San Francisco Chronicle, 1/19/11.
What do all 50 states have in common?
All utilize “cash basis” budget accounting, an accounting method by which revenue and expense are recorded only when cash is received and paid out. Cash basis budgeting can allow a state to record more revenue than really earned and less expense than really incurred.
A stark example took place in New Jersey last year when it “balanced” its budget simply by not paying a $3 billion bill – no different than leaving a credit card bill unpaid. The unpaid bill accrues interest, which means a larger payment down the road. But through the magic of cash basis budgeting, New Jersey was able to report a balanced budget.
Few states take such blatant steps, but virtually all make use of other techniques. For example, in its proposed budget this year, California projects health care for retired employees to cost $1.5 billion. But the true cost is $4 billion, as reported by the state controller. The $1.5 billion is the equivalent of a minimum payment on a credit card, while $4 billion is the amount required to stop the card balance from growing. By paying just the minimum, the state’s debt for retirement health care, already $52 billion, will grow.
Other methods include what former New York Lt. Gov. Richard Ravitch calls “offloads and sweeps.” An “offload” transfers spending obligations from a state’s general fund, which captures all the public’s attention, to special funds, which capture little attention even though they too are funded by the public (e.g., via motor vehicle taxes and fees) and this year will account for $34 billion of spending.
A “sweep” boosts general fund revenue by borrowing money from special funds. This year, California’s general fund will offload $13 billion of spending onto special funds and sweep almost $2 billion of special funds.
States also understate their debt obligations. For example, the California treasurer publishes an annual “Debt Affordability Report,” but that report lists only debt owed to bond investors and not debt owed to current and future retirees. The state’s debt to retirees is as real as bonded debt (and equal if not higher in priority) and larger in size, and this year the state will spend $7 billion to service that debt, 30 percent more than the state will spend on bonded debt. Yet it doesn’t make the state debt report.

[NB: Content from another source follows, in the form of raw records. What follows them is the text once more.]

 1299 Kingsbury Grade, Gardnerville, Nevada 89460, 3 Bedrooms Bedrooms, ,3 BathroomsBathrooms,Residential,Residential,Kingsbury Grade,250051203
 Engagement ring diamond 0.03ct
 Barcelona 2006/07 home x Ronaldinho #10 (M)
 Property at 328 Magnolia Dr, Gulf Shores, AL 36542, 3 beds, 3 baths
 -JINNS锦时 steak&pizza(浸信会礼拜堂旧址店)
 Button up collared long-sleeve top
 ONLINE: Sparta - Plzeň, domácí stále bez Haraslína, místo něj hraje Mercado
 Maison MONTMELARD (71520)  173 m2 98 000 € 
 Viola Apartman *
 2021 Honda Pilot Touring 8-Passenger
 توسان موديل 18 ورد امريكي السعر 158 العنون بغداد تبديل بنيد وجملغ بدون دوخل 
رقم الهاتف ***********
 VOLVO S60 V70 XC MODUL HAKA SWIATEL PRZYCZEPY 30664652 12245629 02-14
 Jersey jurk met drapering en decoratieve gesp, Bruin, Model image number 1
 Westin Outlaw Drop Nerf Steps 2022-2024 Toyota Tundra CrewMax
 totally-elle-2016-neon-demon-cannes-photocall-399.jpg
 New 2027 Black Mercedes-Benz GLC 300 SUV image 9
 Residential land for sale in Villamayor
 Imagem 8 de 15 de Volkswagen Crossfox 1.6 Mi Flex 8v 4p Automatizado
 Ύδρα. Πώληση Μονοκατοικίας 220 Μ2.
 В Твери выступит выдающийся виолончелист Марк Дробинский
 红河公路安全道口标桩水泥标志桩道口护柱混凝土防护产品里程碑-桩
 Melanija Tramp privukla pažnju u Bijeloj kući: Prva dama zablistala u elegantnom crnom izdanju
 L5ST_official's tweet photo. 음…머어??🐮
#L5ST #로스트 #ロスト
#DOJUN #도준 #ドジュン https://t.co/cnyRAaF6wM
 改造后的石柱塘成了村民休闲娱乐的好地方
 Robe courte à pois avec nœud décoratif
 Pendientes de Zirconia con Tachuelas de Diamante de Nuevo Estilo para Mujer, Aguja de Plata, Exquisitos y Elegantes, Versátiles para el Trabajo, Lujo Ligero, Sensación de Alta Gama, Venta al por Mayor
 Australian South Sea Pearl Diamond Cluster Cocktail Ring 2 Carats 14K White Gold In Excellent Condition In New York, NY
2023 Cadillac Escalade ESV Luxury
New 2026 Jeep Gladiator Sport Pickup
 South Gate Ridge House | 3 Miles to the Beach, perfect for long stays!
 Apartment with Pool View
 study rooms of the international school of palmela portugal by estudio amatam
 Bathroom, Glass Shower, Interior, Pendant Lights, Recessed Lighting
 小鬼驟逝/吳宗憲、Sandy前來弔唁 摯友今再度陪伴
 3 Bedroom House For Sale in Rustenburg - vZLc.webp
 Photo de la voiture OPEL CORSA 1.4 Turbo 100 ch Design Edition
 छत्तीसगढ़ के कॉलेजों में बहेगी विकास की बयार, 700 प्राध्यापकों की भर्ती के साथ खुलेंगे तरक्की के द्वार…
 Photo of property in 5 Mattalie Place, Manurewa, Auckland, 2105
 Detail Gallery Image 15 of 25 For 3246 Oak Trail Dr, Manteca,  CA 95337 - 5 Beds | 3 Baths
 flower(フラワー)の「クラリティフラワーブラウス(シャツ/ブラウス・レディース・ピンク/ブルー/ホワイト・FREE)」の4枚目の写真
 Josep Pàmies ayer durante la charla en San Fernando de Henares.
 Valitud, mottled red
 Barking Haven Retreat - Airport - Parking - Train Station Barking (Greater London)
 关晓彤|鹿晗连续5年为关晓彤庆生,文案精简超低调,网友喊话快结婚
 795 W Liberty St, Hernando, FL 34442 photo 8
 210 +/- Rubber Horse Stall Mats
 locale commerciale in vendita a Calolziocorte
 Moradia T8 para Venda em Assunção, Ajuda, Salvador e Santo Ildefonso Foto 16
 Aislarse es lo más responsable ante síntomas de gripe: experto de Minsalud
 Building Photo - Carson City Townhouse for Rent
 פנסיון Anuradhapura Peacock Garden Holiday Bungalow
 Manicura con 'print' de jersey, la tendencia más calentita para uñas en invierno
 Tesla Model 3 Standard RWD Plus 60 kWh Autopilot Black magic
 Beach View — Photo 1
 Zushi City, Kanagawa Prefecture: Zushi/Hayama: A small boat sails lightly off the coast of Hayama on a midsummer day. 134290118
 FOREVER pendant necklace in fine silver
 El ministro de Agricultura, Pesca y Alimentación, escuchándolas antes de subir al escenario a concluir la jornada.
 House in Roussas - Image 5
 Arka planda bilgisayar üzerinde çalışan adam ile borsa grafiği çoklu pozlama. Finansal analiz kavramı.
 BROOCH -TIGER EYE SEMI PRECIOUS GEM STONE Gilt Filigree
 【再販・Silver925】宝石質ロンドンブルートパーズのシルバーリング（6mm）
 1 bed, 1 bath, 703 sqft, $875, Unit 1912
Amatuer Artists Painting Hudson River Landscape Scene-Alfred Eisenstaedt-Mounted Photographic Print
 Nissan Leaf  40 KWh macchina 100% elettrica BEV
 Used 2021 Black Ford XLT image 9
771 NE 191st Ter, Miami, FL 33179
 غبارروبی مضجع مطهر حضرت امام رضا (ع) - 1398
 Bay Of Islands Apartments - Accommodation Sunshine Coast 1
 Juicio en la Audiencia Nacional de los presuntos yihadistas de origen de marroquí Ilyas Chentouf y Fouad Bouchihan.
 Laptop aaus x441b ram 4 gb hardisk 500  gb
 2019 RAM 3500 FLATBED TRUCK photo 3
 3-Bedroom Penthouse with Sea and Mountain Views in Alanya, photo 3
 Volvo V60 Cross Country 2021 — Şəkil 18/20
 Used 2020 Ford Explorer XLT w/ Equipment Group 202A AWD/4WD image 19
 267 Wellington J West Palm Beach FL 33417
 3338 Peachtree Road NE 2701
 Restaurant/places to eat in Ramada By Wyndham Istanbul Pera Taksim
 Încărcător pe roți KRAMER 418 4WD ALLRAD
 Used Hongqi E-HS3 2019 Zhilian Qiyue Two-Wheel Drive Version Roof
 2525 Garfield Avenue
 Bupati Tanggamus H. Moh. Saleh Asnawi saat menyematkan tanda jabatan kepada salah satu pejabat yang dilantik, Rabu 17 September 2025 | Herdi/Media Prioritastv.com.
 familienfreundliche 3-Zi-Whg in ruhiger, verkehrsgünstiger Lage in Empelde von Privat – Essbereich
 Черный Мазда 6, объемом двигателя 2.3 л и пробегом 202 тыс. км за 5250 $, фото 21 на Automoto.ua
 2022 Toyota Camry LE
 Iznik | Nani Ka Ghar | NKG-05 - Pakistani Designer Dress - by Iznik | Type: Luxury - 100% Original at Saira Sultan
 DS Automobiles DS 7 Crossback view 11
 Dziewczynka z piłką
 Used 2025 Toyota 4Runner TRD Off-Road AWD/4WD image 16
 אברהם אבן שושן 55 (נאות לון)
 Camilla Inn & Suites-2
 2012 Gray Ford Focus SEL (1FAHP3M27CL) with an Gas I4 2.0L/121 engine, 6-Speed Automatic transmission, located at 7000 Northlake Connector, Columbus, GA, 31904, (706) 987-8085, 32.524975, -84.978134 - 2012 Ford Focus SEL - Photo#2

Who should care most about budget accounting? The answer is not bondholders, retirees or others with contractual rights, all of whom have priority claim to the first dollars after the state meets its obligations to K-14 education. Under almost any scenario, they will be paid. Instead it’s programs such as higher education, health, corrections and parks that must fight for annual appropriations out of the residual.
Needless to say, current budgetary practice by states is inadequate, which is why Ravitch, former Federal Reserve Chairman Paul Volcker and I are forming a task force on that subject. Citizens would be well advised to look closely at what’s reported to them.
David Crane was an adviser to Gov. Arnold Schwarzenegger and now lectures on public policy at Stanford University. He serves on the UC Board of Regents and California High Speed Rail Authority.